Finanzkrise? Demeter-Höfe erproben andere Wirtschaftsmodelle

Ja, es gibt sie noch, die Realwirtschaft, auch wenn sie unter der allgemeinen Renditegier leidet und von der Finanzkaste ausgebeutet wird. Eine sehr reale Branche ist die Landwirtschaft, gegessen werden muss immer. Leider zu immer geringeren Realpreisen. Die vor allem in Deutschland verbreitete Geringschätzung dessen, was Leib und Seele zusammenhält, setzt auch Öko-Landwirte unter Druck. Denn faktisch sind ihre Preise an die der konventionellen Lebensmittel gekoppelt.

Wer innovativ sein will oder auch nur einen tiergerechten Stall bauen will, braucht dazu Kapital, was ein Hof selten abwirft. Also geht er als Kleinunternehmer zur Bank - ob die aber in unsicheren Zeiten in eine "Minderleister"-Branche investiert, in der zudem viele vom Eigenkapital zehren, ist fraglich. Ausnahme ist die GLS- Bank, die zahlreiche Biohöfe und Bioläden mit vernünftigem Geschäftsplan unterstützt.

 

Doch nutzen findige Bauern auch andere Möglichkeiten: So gibt ein Demeter-Betrieb Genussscheine aus - und finanziert mit Kapital von Freunden und Kunden den neuen Stall. Die können ihre jährliche Rendite auch als Warengutschein mit zusätzlichem Rabatt einlösen.
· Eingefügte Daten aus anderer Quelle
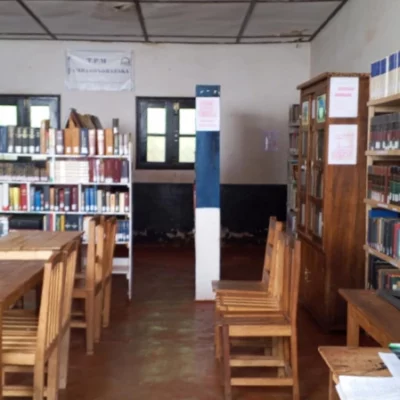 une Bibliotèque à Madagascar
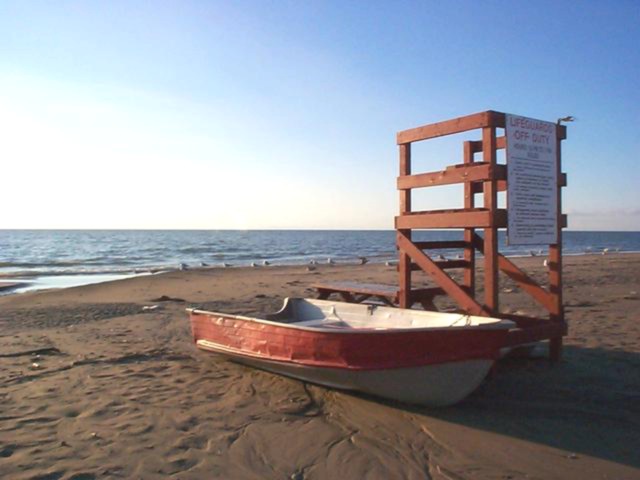 Lifeguard_stand_at_Point_Gratiot.jpg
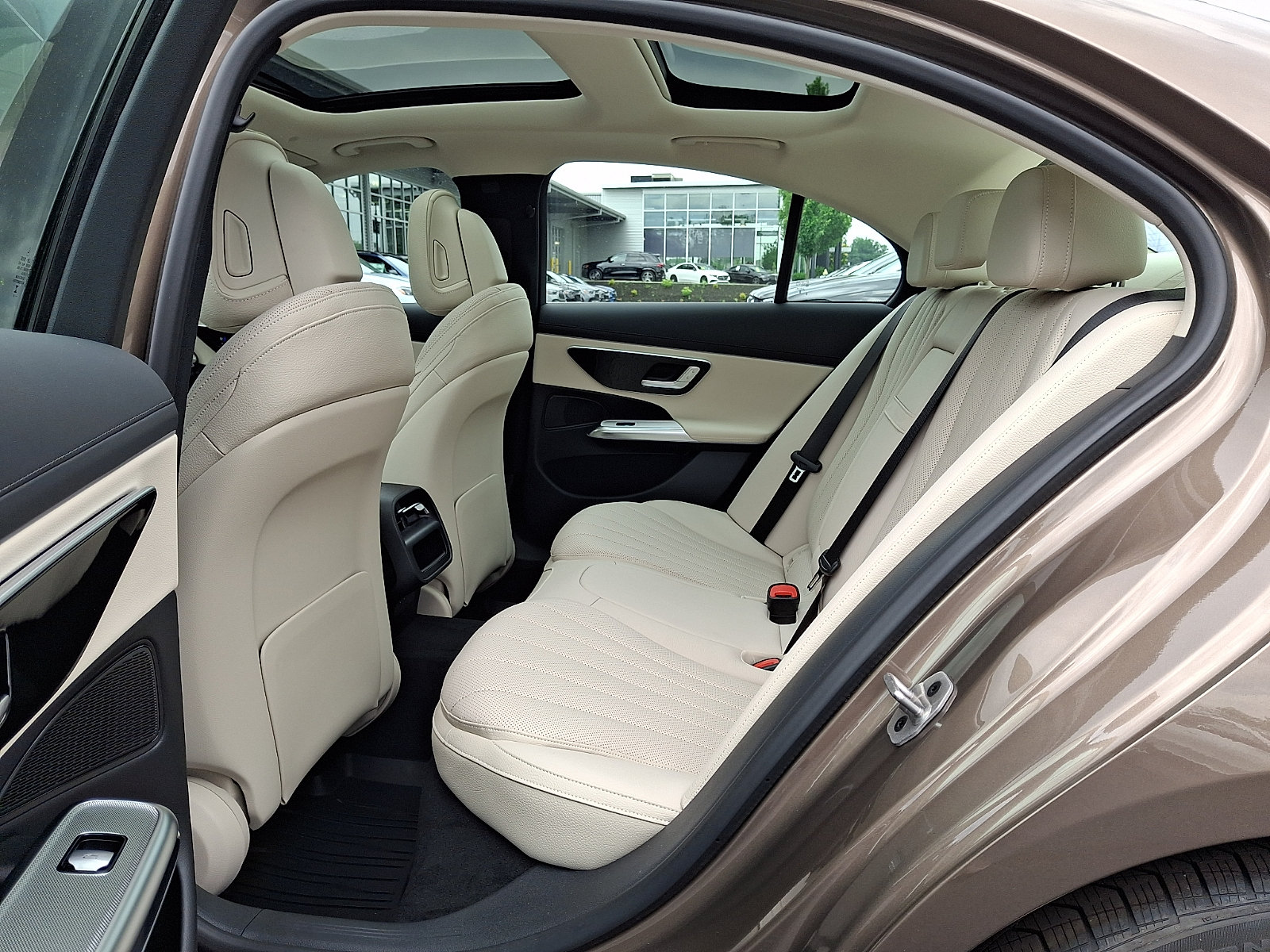 New 2026 Mercedes-Benz E 450 4MATIC Sedan image 8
Weiter in der Verbindlichkeit geht das Modell der CSA - Community-Supported Agriculture - wie sie der Buschberghof oder der Gärtnerhof Entrup praktizieren: Kunden finanzieren für ein Jahr den Aufwand für die Ernte vor und erhalten dafür Demeter-Hofprodukte, gemeinsame Anbauplanung inclusive. Ein interessantes Modell für Städter ist die Gemüse-Selbsternte, die der biodynamische Gärtner Volker Rahm für knapp 30 Nutzer ermöglicht. Die mieten eine mit Vielfalt gepflanzte Parzelle, pflegen ihre Kulturen und Kontakte.

 

Es geht auch größer. Den Wirtschaftkreislauf über den eigenen Hof hinaus alternativ zu gestalten, das versucht Demeter-Landwirt Peter Striffler mit dem Regiogeld "Tauber-Franken": Wertschöpfung bleibt so eher in der Region. Klassisch unternehmerisch, aber mit ökosozialer Rendite, geht das der Demeter-Gärtner Christian Hiß an: Seine vielfältige Gärtnerei hat er mit Hilfe von Aktionären in eine Regionalwert-AG umgeformt, die ihm und weiteren Bewirtschaftern landwirtschaftliche Betriebe verpachtet. So will er mit Investivkapital die Region um Freiburg ökologisch verwandeln - Rendite sind die immateriellen Werte, die Ökolandbau schafft, wie intakte Landschaft, sauberes Trinkwasser, gesunde Böden. Aktionäre tragen auch das biodynamische Saatgutunternehmen in Bingenheim oder das Hofgut Oberfeld in Darmstadt.

 

Traditionellere Wege, sich oder sein Geld für eine gesunde Landwirtschaft einzusetzen, sind die Mitgliedschaft in einem Verein, der z. B. im Falle des sauerländischen Birkenhofs Eigentümer und kultureller Träger ist oder als (Zu-)Stifter. Diese eher ideellen Anlagen sichern durch den Erwerb von Flächen oder Betrieben über die jetzige Generation hinaus ökologische Bewirtschaftung. Auch die GLS steigt im Herbst mit einem Bodenfonds in dieses Thema ein.

 

In jedem Fall geht es darum, Landwirtschaft graduell vom Unwesen der Kapitalmärkte zu entflechten. Denn jede Subvention steigert die Pacht, überzogene Renditeerwartungen senken die Erzeugerpreise, weltweit flottierendes Kapital dirigiert auch Agrarmärkte. Was aber, wenn Obstbäume und Kühe anderen Regeln als denen für Quartalsberichte gehorchen?

Der Demeter-Verband versucht, mittels einer Sozialcharta und Anregungen für sozial verantwortliches Geschäftsverhalten dieser prinzipiellen Differenz Rechnung zu tragen. Denn es tut Not, sich in Zeiten der kommerziellen Hypnose (Andreas Weber in "Biokapital"), auf die Grundlagen des Lebens auf der Erde zu besinnen: Alle Kraft geht von der Sonne aus. Deren Strahlen speisen alles Leben und somit auch alles Wirtschaften. Die Landwirtschaft sitzt also an der Quelle. Ihr muss es nur gelingen, sie richtig zu fassen.